• **DATA**:
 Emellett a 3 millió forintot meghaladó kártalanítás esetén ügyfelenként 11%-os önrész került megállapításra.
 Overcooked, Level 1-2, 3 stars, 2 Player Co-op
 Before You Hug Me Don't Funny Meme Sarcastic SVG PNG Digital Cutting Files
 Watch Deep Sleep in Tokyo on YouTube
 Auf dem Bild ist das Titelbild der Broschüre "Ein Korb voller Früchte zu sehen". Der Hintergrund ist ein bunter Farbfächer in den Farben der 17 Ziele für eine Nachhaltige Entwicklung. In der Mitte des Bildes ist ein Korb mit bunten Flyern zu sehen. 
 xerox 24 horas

==

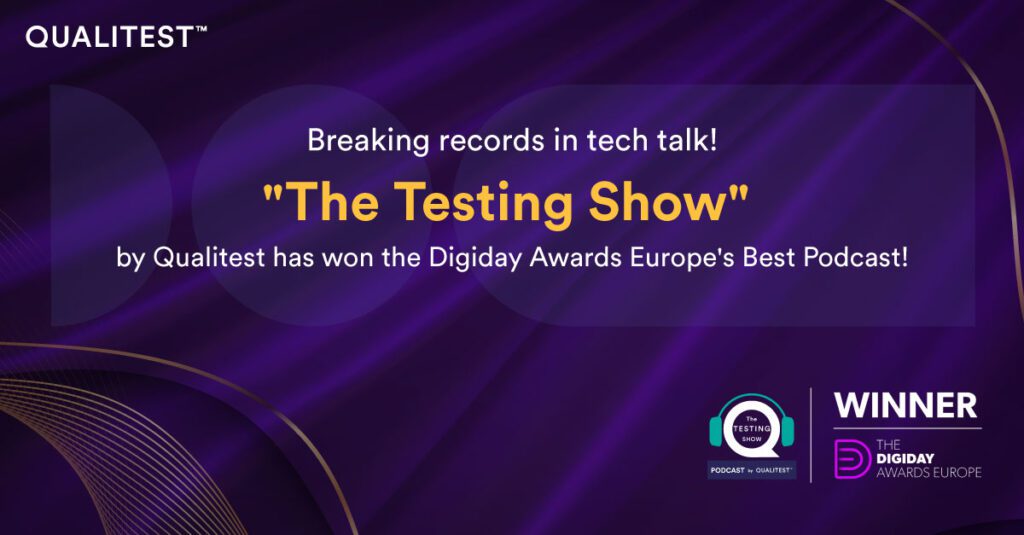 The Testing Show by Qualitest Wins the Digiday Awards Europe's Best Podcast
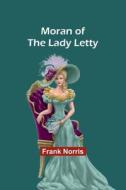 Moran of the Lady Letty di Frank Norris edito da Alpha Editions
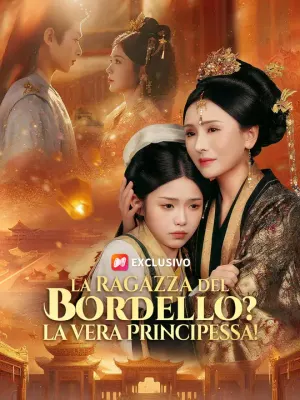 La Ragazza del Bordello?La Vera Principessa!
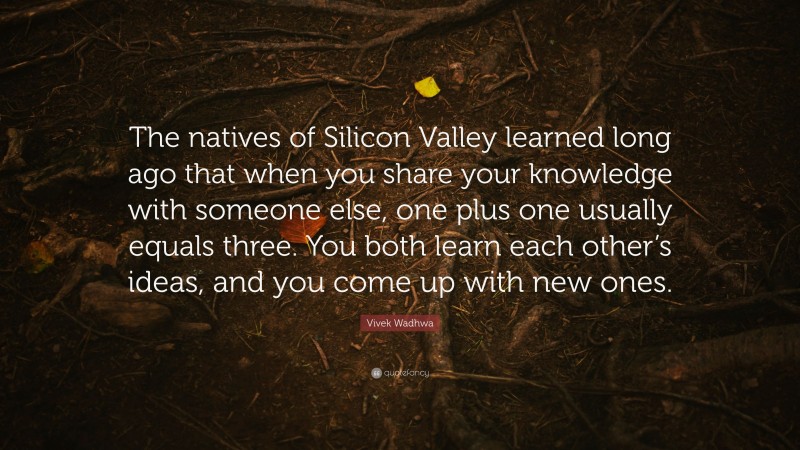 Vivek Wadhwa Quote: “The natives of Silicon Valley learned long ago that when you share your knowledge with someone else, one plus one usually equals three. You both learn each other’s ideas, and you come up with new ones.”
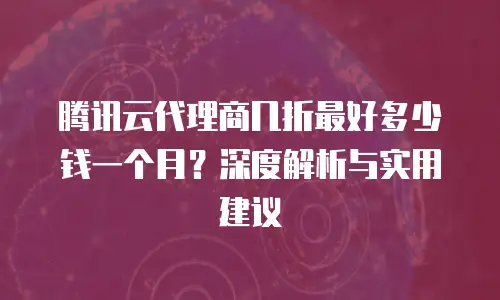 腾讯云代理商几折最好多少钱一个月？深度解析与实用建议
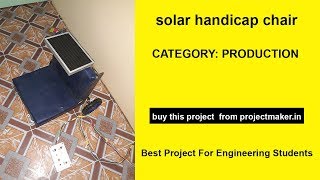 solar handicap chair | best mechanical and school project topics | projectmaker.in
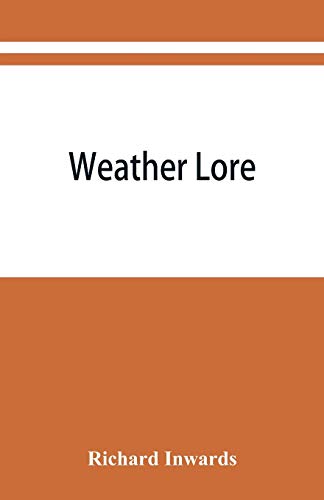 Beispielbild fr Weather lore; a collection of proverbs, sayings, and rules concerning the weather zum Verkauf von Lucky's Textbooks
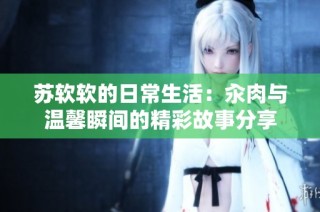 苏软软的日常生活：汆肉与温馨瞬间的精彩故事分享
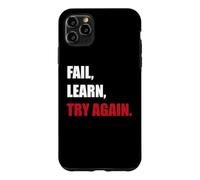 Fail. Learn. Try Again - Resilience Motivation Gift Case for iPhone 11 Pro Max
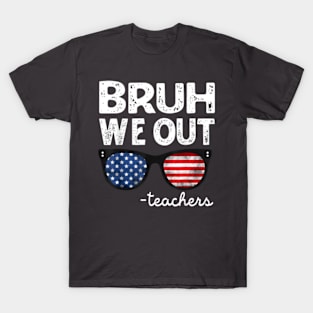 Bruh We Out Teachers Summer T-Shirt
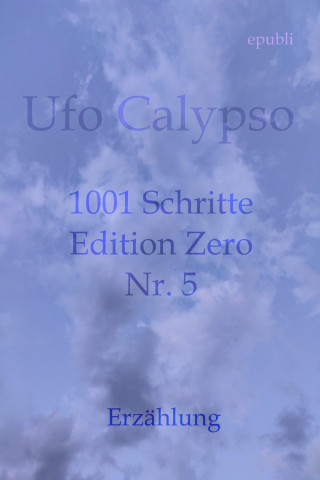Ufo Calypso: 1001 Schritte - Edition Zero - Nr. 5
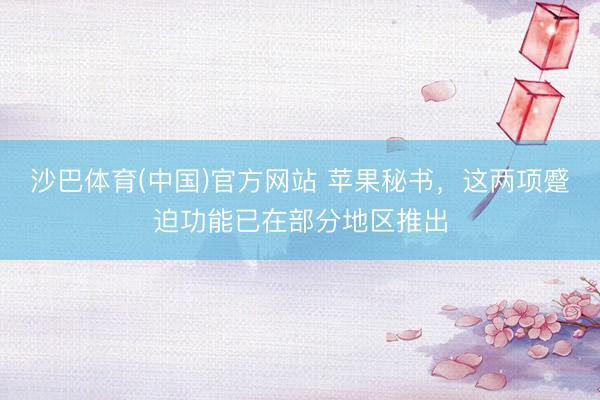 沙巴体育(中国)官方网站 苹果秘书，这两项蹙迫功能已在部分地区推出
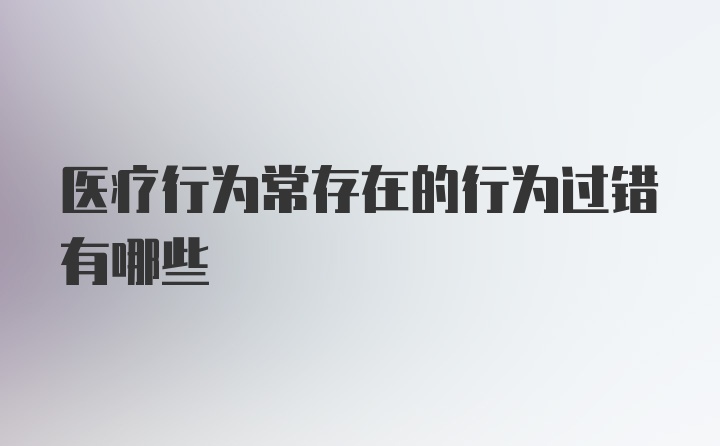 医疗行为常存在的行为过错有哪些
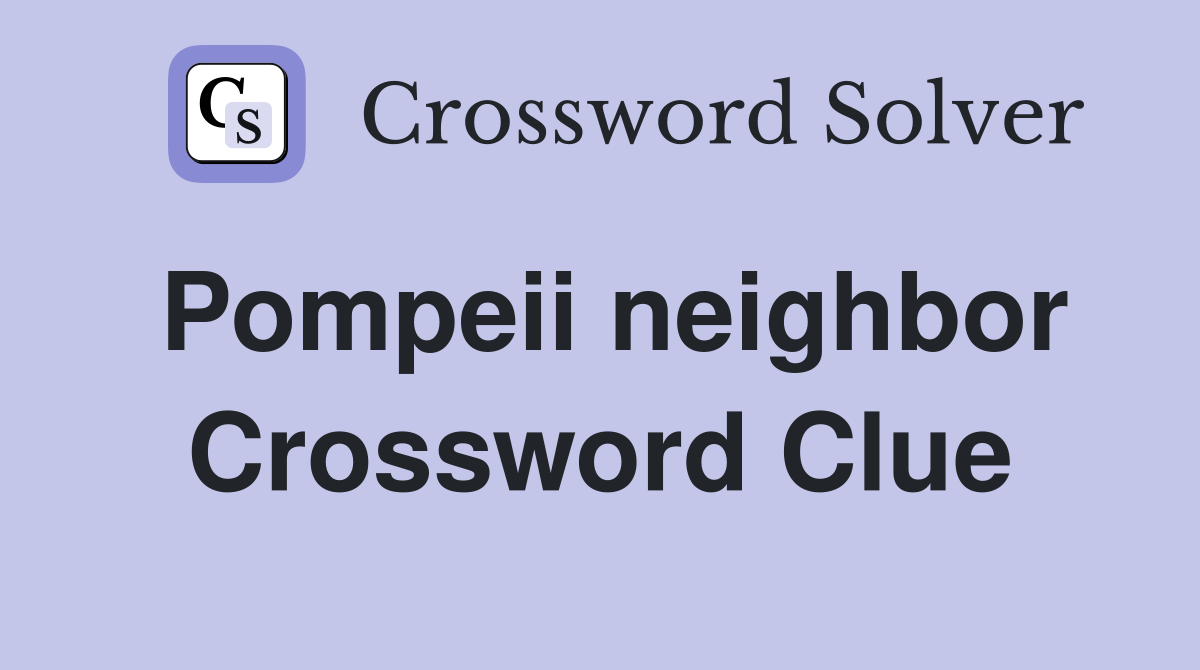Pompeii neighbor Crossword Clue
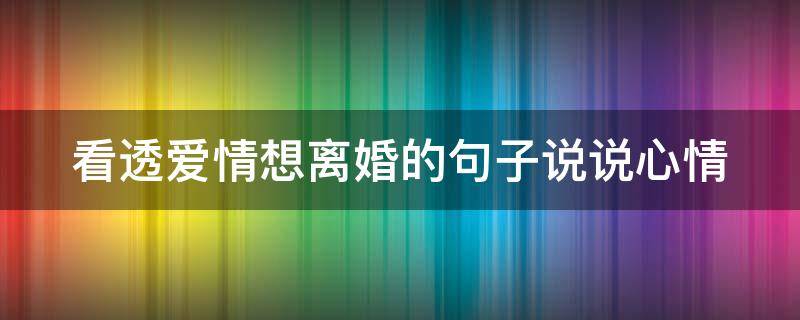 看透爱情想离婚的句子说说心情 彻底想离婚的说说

==

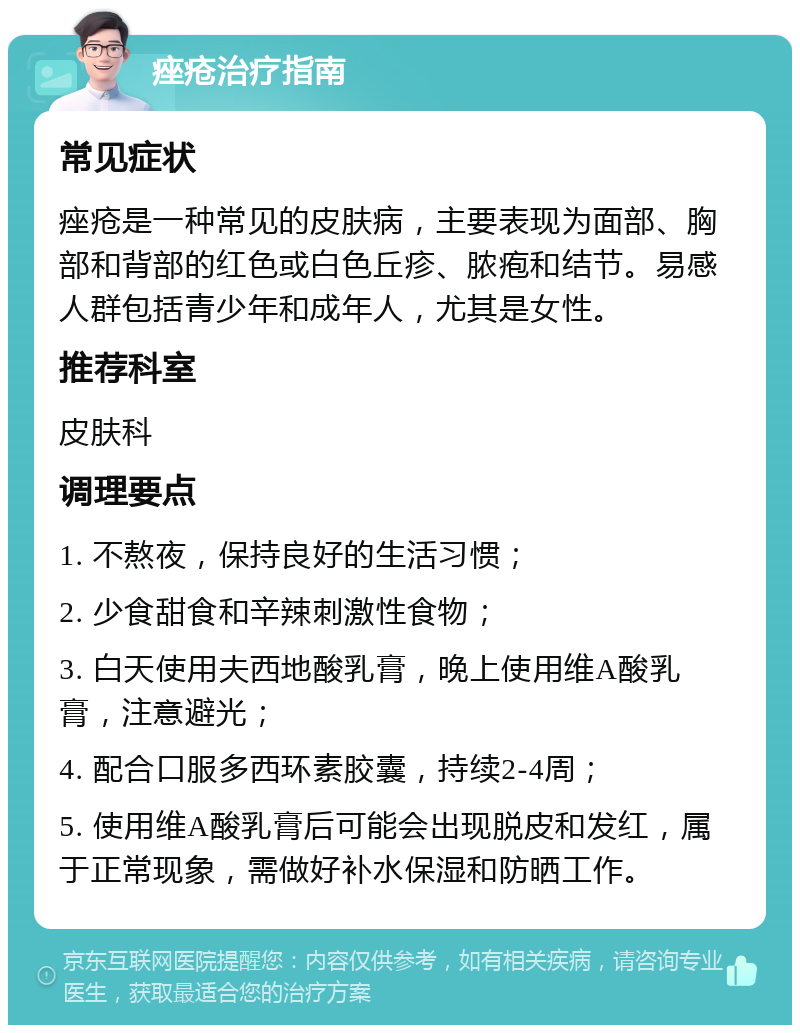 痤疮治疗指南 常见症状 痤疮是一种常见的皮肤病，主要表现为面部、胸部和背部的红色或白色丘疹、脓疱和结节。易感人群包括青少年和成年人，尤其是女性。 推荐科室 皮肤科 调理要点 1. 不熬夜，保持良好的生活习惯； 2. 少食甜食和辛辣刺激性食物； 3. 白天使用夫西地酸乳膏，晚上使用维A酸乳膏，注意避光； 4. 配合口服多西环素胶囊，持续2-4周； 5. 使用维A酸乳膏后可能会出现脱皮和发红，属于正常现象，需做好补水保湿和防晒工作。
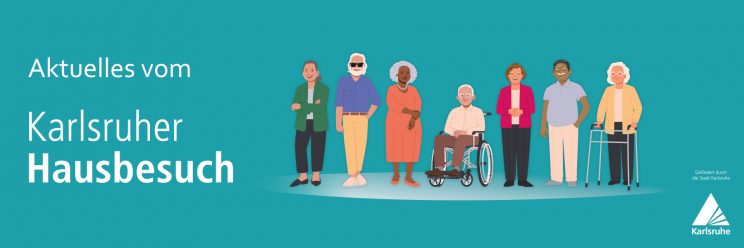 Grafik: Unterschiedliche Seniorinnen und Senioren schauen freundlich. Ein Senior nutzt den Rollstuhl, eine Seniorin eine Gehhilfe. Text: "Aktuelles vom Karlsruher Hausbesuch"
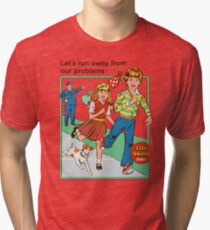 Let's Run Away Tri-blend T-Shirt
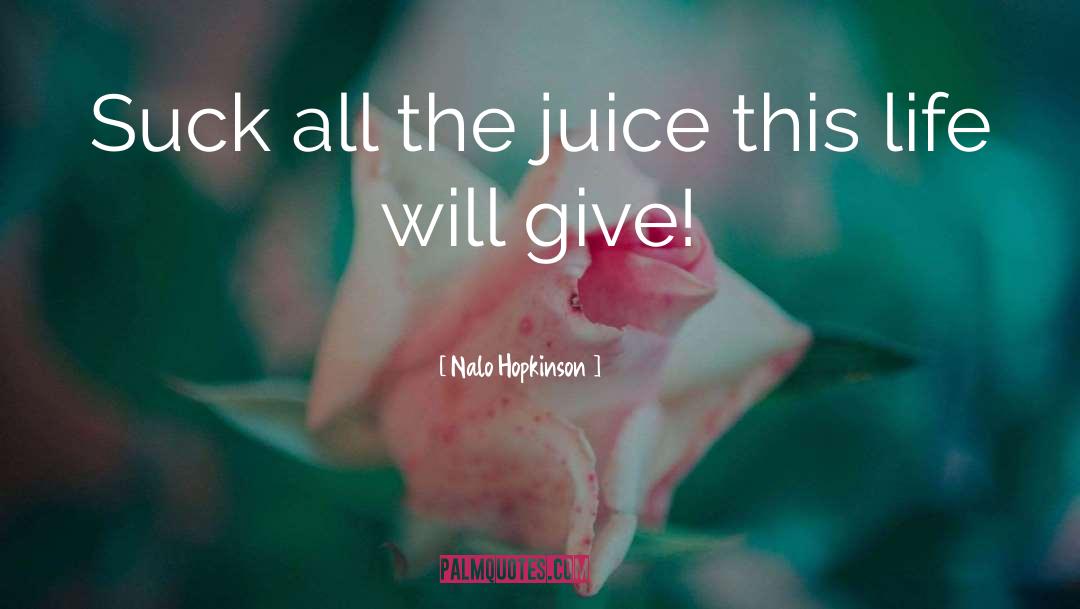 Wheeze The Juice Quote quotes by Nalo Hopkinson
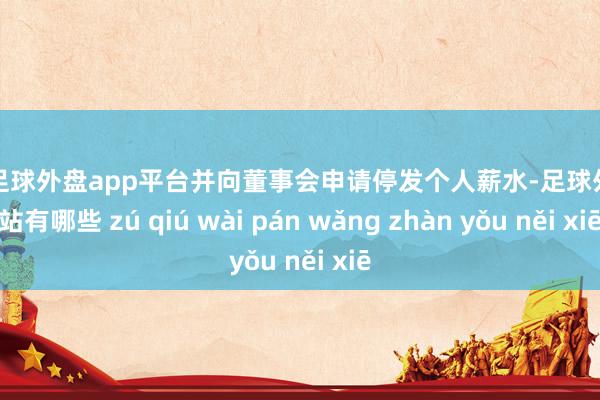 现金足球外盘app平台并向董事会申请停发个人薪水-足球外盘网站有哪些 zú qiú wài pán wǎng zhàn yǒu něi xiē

• **TASK TO COMPLETE**:
Only the lines above from the line containing "Emellett a 3" through the line containing "xerox 24 horas" should be retyped, exactly and with both ends included.

• **ANSWER SECTION**:
 Emellett a 3 millió forintot meghaladó kártalanítás esetén ügyfelenként 11%-os önrész került megállapításra.
 Overcooked, Level 1-2, 3 stars, 2 Player Co-op
 Before You Hug Me Don't Funny Meme Sarcastic SVG PNG Digital Cutting Files
 Watch Deep Sleep in Tokyo on YouTube
 Auf dem Bild ist das Titelbild der Broschüre "Ein Korb voller Früchte zu sehen". Der Hintergrund ist ein bunter Farbfächer in den Farben der 17 Ziele für eine Nachhaltige Entwicklung. In der Mitte des Bildes ist ein Korb mit bunten Flyern zu sehen. 
 xerox 24 horas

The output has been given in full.